=== Begin Enclosure ===









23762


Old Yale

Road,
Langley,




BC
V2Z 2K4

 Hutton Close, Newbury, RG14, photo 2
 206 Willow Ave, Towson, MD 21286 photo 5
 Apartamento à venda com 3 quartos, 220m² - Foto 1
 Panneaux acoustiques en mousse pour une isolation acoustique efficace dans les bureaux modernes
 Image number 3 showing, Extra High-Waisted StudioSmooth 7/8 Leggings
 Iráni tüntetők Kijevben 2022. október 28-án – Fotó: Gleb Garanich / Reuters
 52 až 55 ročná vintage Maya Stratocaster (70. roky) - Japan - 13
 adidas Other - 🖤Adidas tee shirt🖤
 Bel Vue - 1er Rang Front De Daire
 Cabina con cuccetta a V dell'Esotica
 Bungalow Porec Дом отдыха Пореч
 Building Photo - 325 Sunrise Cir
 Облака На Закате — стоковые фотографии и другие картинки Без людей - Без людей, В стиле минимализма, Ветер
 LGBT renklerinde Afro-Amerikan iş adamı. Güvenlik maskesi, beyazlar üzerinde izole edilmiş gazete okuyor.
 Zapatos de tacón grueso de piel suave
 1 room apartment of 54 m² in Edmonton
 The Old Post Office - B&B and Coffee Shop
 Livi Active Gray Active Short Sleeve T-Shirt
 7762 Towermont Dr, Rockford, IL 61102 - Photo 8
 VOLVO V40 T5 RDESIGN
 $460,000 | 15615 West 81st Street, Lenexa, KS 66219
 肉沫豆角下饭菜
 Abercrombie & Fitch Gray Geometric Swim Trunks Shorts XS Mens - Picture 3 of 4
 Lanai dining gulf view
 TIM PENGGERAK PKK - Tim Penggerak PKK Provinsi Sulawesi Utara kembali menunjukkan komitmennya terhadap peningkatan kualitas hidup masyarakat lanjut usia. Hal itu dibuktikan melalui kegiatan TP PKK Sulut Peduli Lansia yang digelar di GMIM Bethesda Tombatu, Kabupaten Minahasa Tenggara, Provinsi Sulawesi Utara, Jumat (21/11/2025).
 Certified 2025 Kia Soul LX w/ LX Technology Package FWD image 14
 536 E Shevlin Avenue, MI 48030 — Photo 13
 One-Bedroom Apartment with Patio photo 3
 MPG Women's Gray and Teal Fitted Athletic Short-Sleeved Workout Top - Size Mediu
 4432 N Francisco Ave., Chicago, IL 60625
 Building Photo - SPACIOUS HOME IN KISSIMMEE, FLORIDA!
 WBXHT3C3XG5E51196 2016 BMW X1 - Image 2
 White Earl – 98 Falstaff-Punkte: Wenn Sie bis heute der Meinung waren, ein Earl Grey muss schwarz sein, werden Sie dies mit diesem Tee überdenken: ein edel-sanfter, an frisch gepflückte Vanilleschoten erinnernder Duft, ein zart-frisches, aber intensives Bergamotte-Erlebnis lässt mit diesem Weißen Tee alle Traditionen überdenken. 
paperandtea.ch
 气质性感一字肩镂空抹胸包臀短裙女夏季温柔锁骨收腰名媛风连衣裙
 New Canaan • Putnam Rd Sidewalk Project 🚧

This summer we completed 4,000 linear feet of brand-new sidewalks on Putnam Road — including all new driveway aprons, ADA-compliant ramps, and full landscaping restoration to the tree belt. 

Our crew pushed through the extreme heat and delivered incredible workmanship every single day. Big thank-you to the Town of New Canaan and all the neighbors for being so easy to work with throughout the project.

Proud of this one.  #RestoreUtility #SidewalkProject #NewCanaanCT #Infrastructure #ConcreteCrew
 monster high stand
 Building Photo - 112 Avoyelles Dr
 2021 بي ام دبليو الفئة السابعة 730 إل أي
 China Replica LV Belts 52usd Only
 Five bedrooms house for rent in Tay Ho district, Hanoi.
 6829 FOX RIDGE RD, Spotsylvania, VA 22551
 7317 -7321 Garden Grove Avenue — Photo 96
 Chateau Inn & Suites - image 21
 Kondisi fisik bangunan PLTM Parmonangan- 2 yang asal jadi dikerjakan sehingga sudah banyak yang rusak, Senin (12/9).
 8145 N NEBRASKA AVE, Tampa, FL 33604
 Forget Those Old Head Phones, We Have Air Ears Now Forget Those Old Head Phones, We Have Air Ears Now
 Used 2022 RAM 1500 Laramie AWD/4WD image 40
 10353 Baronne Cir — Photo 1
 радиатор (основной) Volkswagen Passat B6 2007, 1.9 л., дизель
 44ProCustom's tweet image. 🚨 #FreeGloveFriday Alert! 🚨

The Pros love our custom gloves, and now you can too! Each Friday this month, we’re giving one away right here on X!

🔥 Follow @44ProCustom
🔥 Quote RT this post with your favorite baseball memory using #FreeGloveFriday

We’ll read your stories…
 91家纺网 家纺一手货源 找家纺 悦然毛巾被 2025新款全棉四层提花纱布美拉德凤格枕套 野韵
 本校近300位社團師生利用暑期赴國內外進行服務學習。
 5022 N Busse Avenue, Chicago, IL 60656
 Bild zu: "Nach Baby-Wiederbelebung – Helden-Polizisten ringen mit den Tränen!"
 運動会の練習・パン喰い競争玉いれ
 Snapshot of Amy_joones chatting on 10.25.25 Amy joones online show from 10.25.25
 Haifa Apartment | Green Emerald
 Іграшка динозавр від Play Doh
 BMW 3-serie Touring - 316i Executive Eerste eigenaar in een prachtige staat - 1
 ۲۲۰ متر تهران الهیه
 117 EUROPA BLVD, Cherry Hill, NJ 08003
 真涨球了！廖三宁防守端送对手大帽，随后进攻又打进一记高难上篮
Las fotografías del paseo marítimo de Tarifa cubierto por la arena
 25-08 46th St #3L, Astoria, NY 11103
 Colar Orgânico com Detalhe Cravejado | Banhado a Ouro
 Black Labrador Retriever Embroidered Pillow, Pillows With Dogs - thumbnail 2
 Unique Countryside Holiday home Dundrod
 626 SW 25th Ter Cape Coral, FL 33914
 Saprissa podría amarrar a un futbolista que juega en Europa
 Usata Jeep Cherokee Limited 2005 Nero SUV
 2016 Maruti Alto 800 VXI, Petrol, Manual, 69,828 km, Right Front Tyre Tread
=== End Enclosure ===
» PROMPT: Write out the data above once more, exactly as it reads.

» SOLUTION TO THIS EXERCISE:
23762


Old Yale

Road,
Langley,




BC
V2Z 2K4

 Hutton Close, Newbury, RG14, photo 2
 206 Willow Ave, Towson, MD 21286 photo 5
 Apartamento à venda com 3 quartos, 220m² - Foto 1
 Panneaux acoustiques en mousse pour une isolation acoustique efficace dans les bureaux modernes
 Image number 3 showing, Extra High-Waisted StudioSmooth 7/8 Leggings
 Iráni tüntetők Kijevben 2022. október 28-án – Fotó: Gleb Garanich / Reuters
 52 až 55 ročná vintage Maya Stratocaster (70. roky) - Japan - 13
 adidas Other - 🖤Adidas tee shirt🖤
 Bel Vue - 1er Rang Front De Daire
 Cabina con cuccetta a V dell'Esotica
 Bungalow Porec Дом отдыха Пореч
 Building Photo - 325 Sunrise Cir
 Облака На Закате — стоковые фотографии и другие картинки Без людей - Без людей, В стиле минимализма, Ветер
 LGBT renklerinde Afro-Amerikan iş adamı. Güvenlik maskesi, beyazlar üzerinde izole edilmiş gazete okuyor.
 Zapatos de tacón grueso de piel suave
 1 room apartment of 54 m² in Edmonton
 The Old Post Office - B&B and Coffee Shop
 Livi Active Gray Active Short Sleeve T-Shirt
 7762 Towermont Dr, Rockford, IL 61102 - Photo 8
 VOLVO V40 T5 RDESIGN
 $460,000 | 15615 West 81st Street, Lenexa, KS 66219
 肉沫豆角下饭菜
 Abercrombie & Fitch Gray Geometric Swim Trunks Shorts XS Mens - Picture 3 of 4
 Lanai dining gulf view
 TIM PENGGERAK PKK - Tim Penggerak PKK Provinsi Sulawesi Utara kembali menunjukkan komitmennya terhadap peningkatan kualitas hidup masyarakat lanjut usia. Hal itu dibuktikan melalui kegiatan TP PKK Sulut Peduli Lansia yang digelar di GMIM Bethesda Tombatu, Kabupaten Minahasa Tenggara, Provinsi Sulawesi Utara, Jumat (21/11/2025).
 Certified 2025 Kia Soul LX w/ LX Technology Package FWD image 14
 536 E Shevlin Avenue, MI 48030 — Photo 13
 One-Bedroom Apartment with Patio photo 3
 MPG Women's Gray and Teal Fitted Athletic Short-Sleeved Workout Top - Size Mediu
 4432 N Francisco Ave., Chicago, IL 60625
 Building Photo - SPACIOUS HOME IN KISSIMMEE, FLORIDA!
 WBXHT3C3XG5E51196 2016 BMW X1 - Image 2
 White Earl – 98 Falstaff-Punkte: Wenn Sie bis heute der Meinung waren, ein Earl Grey muss schwarz sein, werden Sie dies mit diesem Tee überdenken: ein edel-sanfter, an frisch gepflückte Vanilleschoten erinnernder Duft, ein zart-frisches, aber intensives Bergamotte-Erlebnis lässt mit diesem Weißen Tee alle Traditionen überdenken. 
paperandtea.ch
 气质性感一字肩镂空抹胸包臀短裙女夏季温柔锁骨收腰名媛风连衣裙
 New Canaan • Putnam Rd Sidewalk Project 🚧

This summer we completed 4,000 linear feet of brand-new sidewalks on Putnam Road — including all new driveway aprons, ADA-compliant ramps, and full landscaping restoration to the tree belt. 

Our crew pushed through the extreme heat and delivered incredible workmanship every single day. Big thank-you to the Town of New Canaan and all the neighbors for being so easy to work with throughout the project.

Proud of this one.  #RestoreUtility #SidewalkProject #NewCanaanCT #Infrastructure #ConcreteCrew
 monster high stand
 Building Photo - 112 Avoyelles Dr
 2021 بي ام دبليو الفئة السابعة 730 إل أي
 China Replica LV Belts 52usd Only
 Five bedrooms house for rent in Tay Ho district, Hanoi.
 6829 FOX RIDGE RD, Spotsylvania, VA 22551
 7317 -7321 Garden Grove Avenue — Photo 96
 Chateau Inn & Suites - image 21
 Kondisi fisik bangunan PLTM Parmonangan- 2 yang asal jadi dikerjakan sehingga sudah banyak yang rusak, Senin (12/9).
 8145 N NEBRASKA AVE, Tampa, FL 33604
 Forget Those Old Head Phones, We Have Air Ears Now Forget Those Old Head Phones, We Have Air Ears Now
 Used 2022 RAM 1500 Laramie AWD/4WD image 40
 10353 Baronne Cir — Photo 1
 радиатор (основной) Volkswagen Passat B6 2007, 1.9 л., дизель
 44ProCustom's tweet image. 🚨 #FreeGloveFriday Alert! 🚨

The Pros love our custom gloves, and now you can too! Each Friday this month, we’re giving one away right here on X!

🔥 Follow @44ProCustom
🔥 Quote RT this post with your favorite baseball memory using #FreeGloveFriday

We’ll read your stories…
 91家纺网 家纺一手货源 找家纺 悦然毛巾被 2025新款全棉四层提花纱布美拉德凤格枕套 野韵
 本校近300位社團師生利用暑期赴國內外進行服務學習。
 5022 N Busse Avenue, Chicago, IL 60656
 Bild zu: "Nach Baby-Wiederbelebung – Helden-Polizisten ringen mit den Tränen!"
 運動会の練習・パン喰い競争玉いれ
 Snapshot of Amy_joones chatting on 10.25.25 Amy joones online show from 10.25.25
 Haifa Apartment | Green Emerald
 Іграшка динозавр від Play Doh
 BMW 3-serie Touring - 316i Executive Eerste eigenaar in een prachtige staat - 1
 ۲۲۰ متر تهران الهیه
 117 EUROPA BLVD, Cherry Hill, NJ 08003
 真涨球了！廖三宁防守端送对手大帽，随后进攻又打进一记高难上篮
Las fotografías del paseo marítimo de Tarifa cubierto por la arena
 25-08 46th St #3L, Astoria, NY 11103
 Colar Orgânico com Detalhe Cravejado | Banhado a Ouro
 Black Labrador Retriever Embroidered Pillow, Pillows With Dogs - thumbnail 2
 Unique Countryside Holiday home Dundrod
 626 SW 25th Ter Cape Coral, FL 33914
 Saprissa podría amarrar a un futbolista que juega en Europa
 Usata Jeep Cherokee Limited 2005 Nero SUV
 2016 Maruti Alto 800 VXI, Petrol, Manual, 69,828 km, Right Front Tyre Tread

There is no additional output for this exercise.